Brief: Copy every record verbatim. Leave the pictures out.

══ Data to use

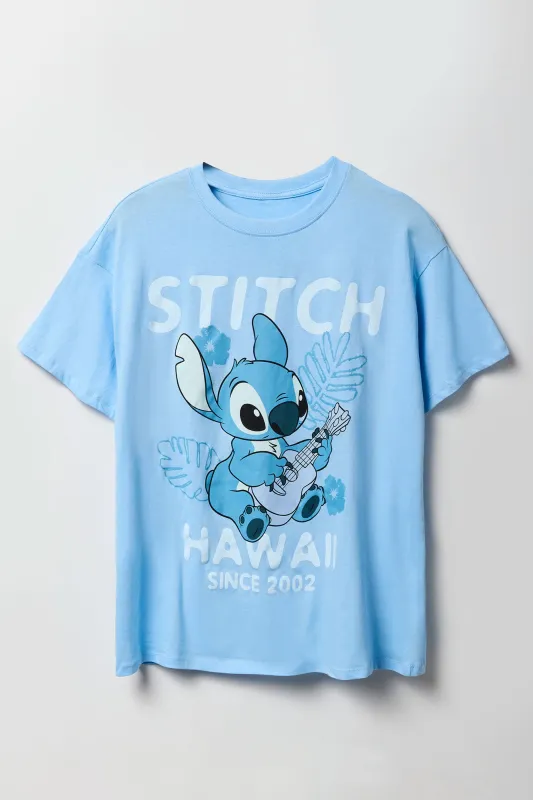 T-shirt de coupe garçonne à imprimé Stitch Hawaii sold by Urban Planet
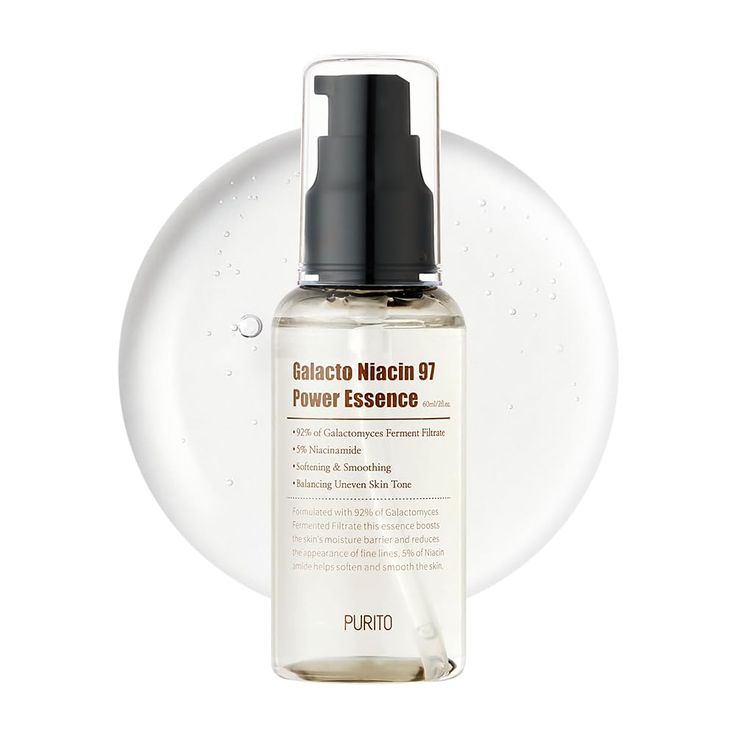 Purito Galacto Niacin 97 Power Essence bottle with white and blue packaging, 60ml size, skincare product for brightening and hydration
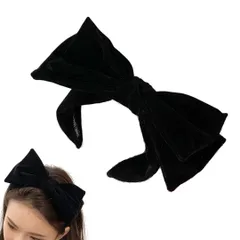 カチューシャ ベロア レディース 大きめ ヘアアクセサリー リボン 上品 可愛い ヘアバンド おしゃれ パーティー 韓国風 髪留め (ブラック, フリーサイズ) [ブラック] [フリーサイズ]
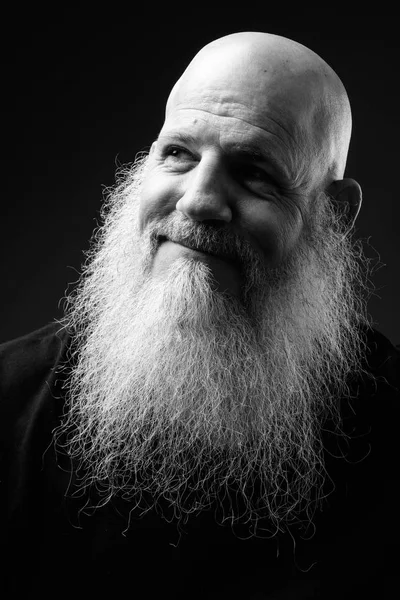 Black and White Portrait Of Mature Bald Man With Long Beard — стоковое фото
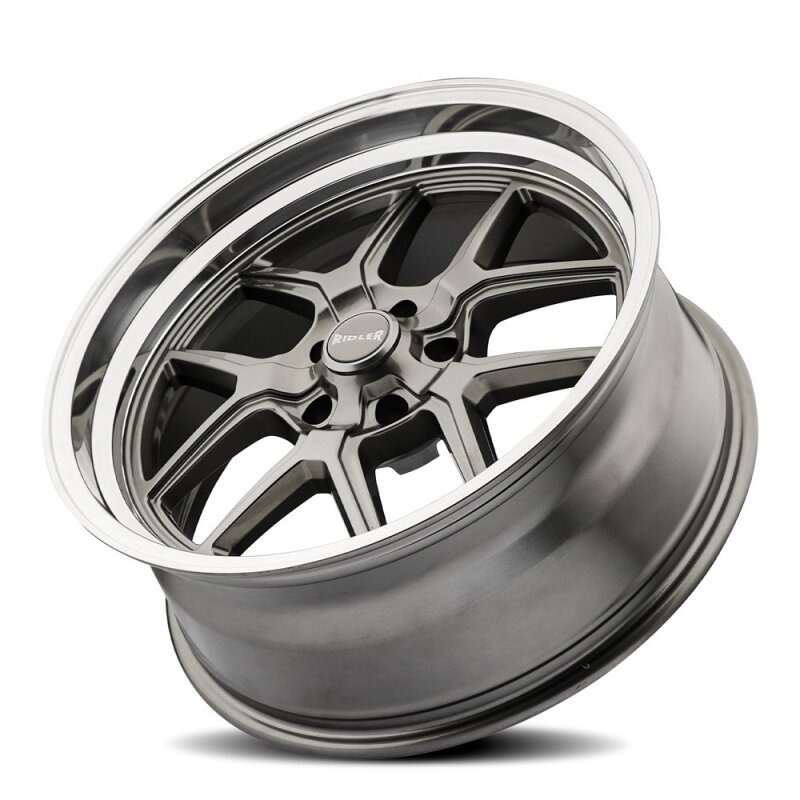 Ridler 610 17x7 / 5x120.65 BP / 0mm Offset / 83.82mm Hub Gloss Grey Polished Wheel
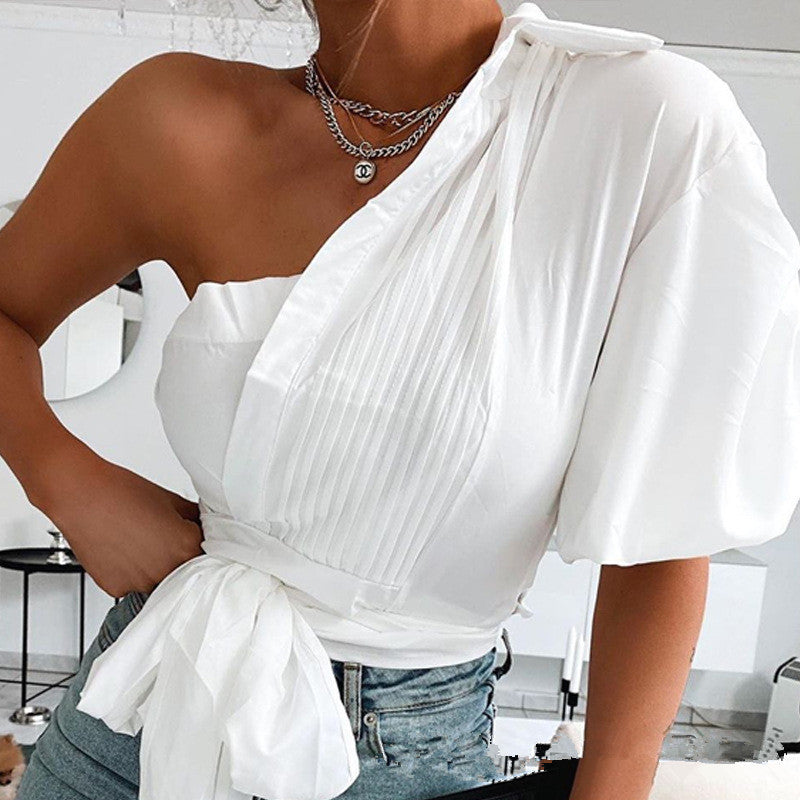 Lantern Sleeve One Shoulder Pleated Tie Shirt (White)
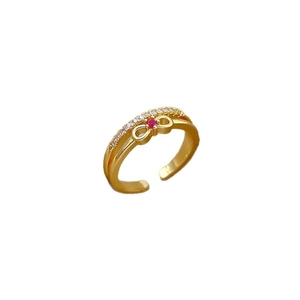 Gold-plated double layer bow ring with white zircon and a central red gemstone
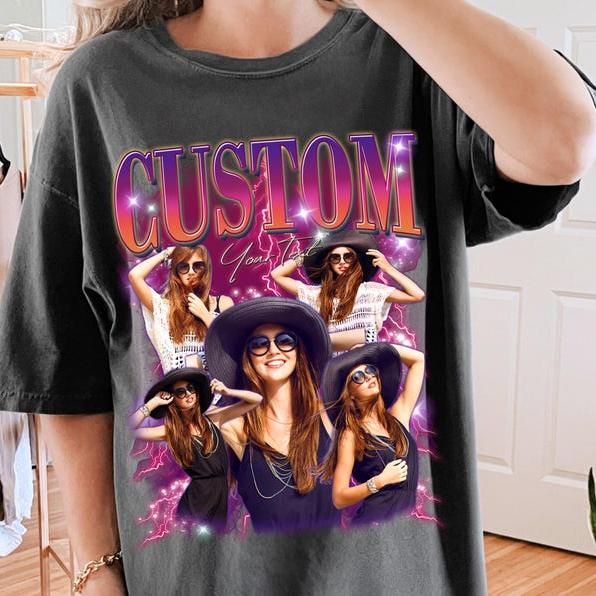 Personalized Vintage Retro Photo T-shirt, Gift For Friends, Family
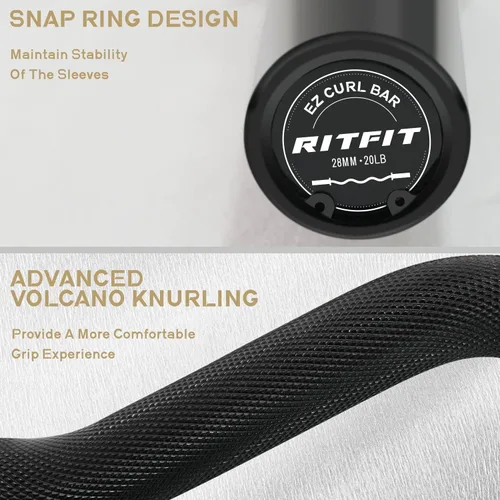 Vista 5 de RitFit Barra de rizo EZ de 2 pulgadas con pesas, capacidad de peso de 350 libras, barra olímpica para ejercicios de bíceps, tríceps y levantamiento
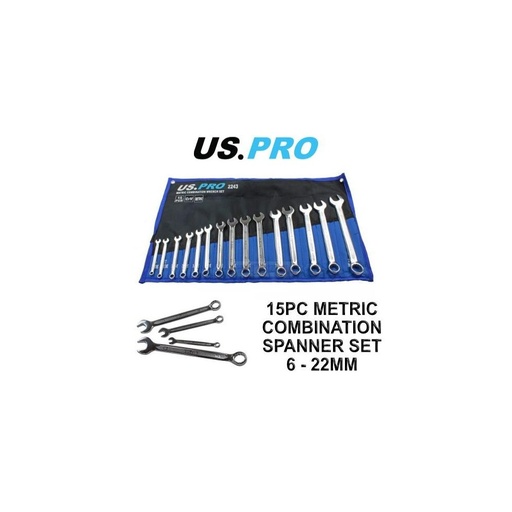 [BER2243] US Pro 15pc Metric Combination Spanner Set 6-22mm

════

Output for this task:
 T-shirt de coupe garçonne à imprimé Stitch Hawaii sold by Urban Planet
 Purito Galacto Niacin 97 Power Essence bottle with white and blue packaging, 60ml size, skincare product for brightening and hydration
 カチューシャ ベロア レディース 大きめ ヘアアクセサリー リボン 上品 可愛い ヘアバンド おしゃれ パーティー 韓国風 髪留め (ブラック, フリーサイズ) [ブラック] [フリーサイズ]
 Black and White Portrait Of Mature Bald Man With Long Beard — стоковое фото
 Ridler 610 17x7 / 5x120.65 BP / 0mm Offset / 83.82mm Hub Gloss Grey Polished Wheel
 Lantern Sleeve One Shoulder Pleated Tie Shirt (White)
 Gold-plated double layer bow ring with white zircon and a central red gemstone
 Personalized Vintage Retro Photo T-shirt, Gift For Friends, Family
 Vista 5 de RitFit Barra de rizo EZ de 2 pulgadas con pesas, capacidad de peso de 350 libras, barra olímpica para ejercicios de bíceps, tríceps y levantamiento
 [BER2243] US Pro 15pc Metric Combination Spanner Set 6-22mm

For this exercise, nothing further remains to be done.